Task objective: Beginning at the line containing "Cherry blossoms in", repeat each line below exactly up to and including the line containing "Flamants roses dans". Do not repeat the pictures.

Given entries:
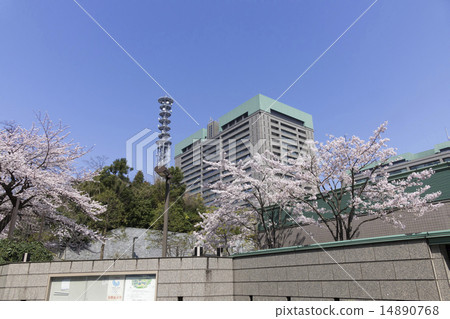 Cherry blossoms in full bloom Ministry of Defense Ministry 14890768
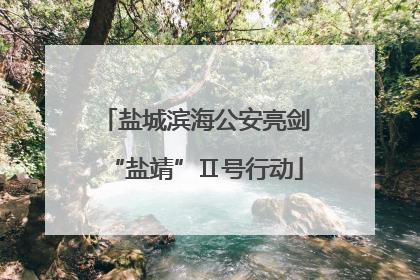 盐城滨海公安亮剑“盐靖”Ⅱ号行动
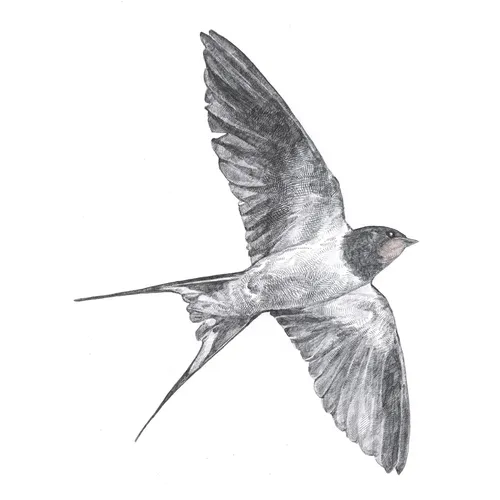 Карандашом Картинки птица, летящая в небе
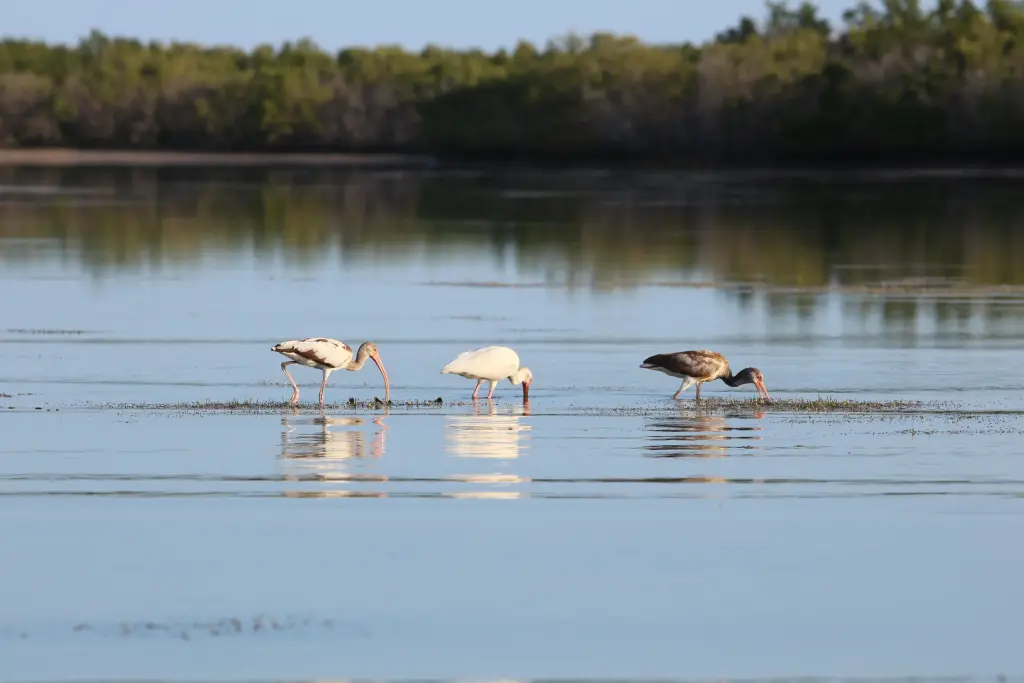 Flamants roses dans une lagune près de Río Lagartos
--
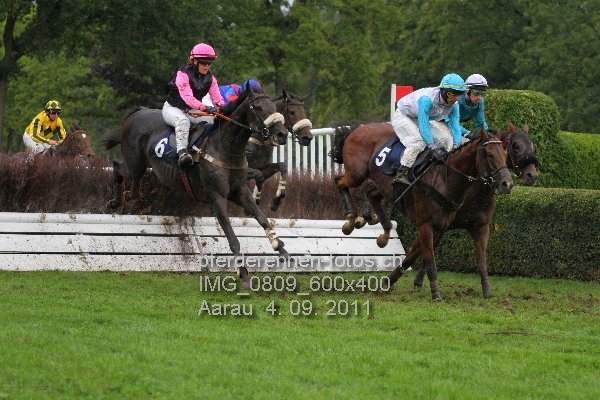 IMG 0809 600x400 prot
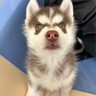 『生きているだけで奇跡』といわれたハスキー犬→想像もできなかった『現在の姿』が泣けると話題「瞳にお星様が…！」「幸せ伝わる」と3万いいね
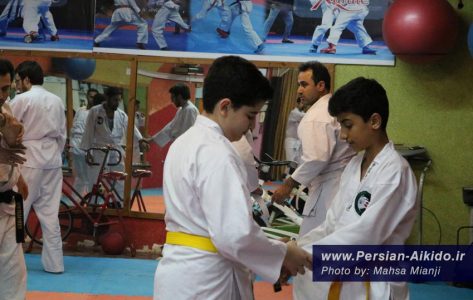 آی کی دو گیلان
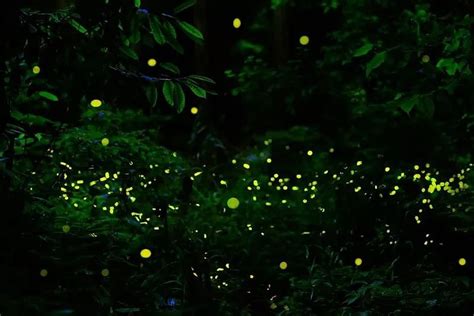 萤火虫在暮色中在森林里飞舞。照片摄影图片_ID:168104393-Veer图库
---
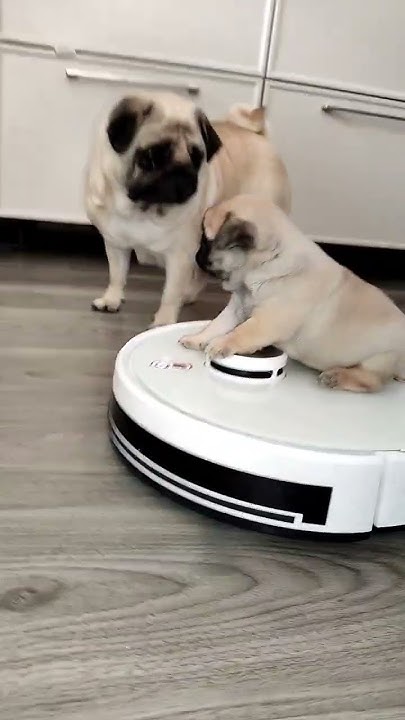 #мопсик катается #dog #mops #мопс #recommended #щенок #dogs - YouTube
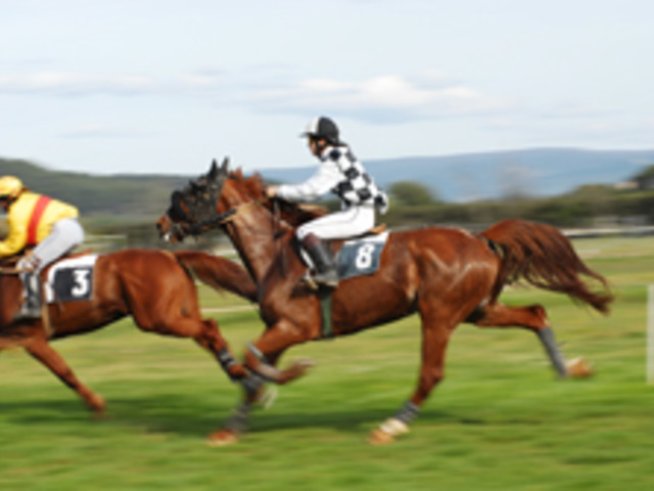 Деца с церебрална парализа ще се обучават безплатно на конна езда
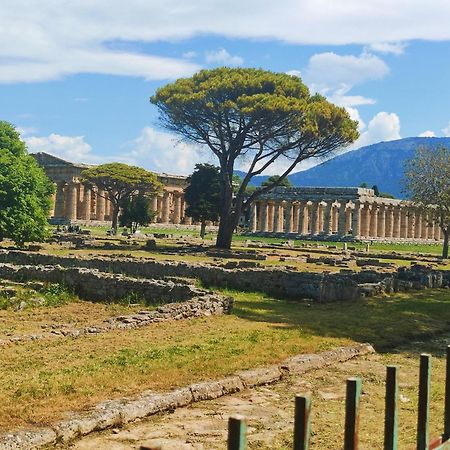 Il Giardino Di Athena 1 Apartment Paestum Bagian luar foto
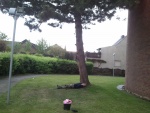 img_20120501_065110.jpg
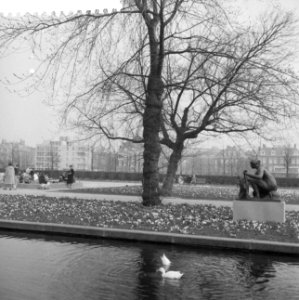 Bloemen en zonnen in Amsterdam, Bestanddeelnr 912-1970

Answer section:
 Cherry blossoms in full bloom Ministry of Defense Ministry 14890768
 盐城滨海公安亮剑“盐靖”Ⅱ号行动
 Карандашом Картинки птица, летящая в небе
 Flamants roses dans une lagune près de Río Lagartos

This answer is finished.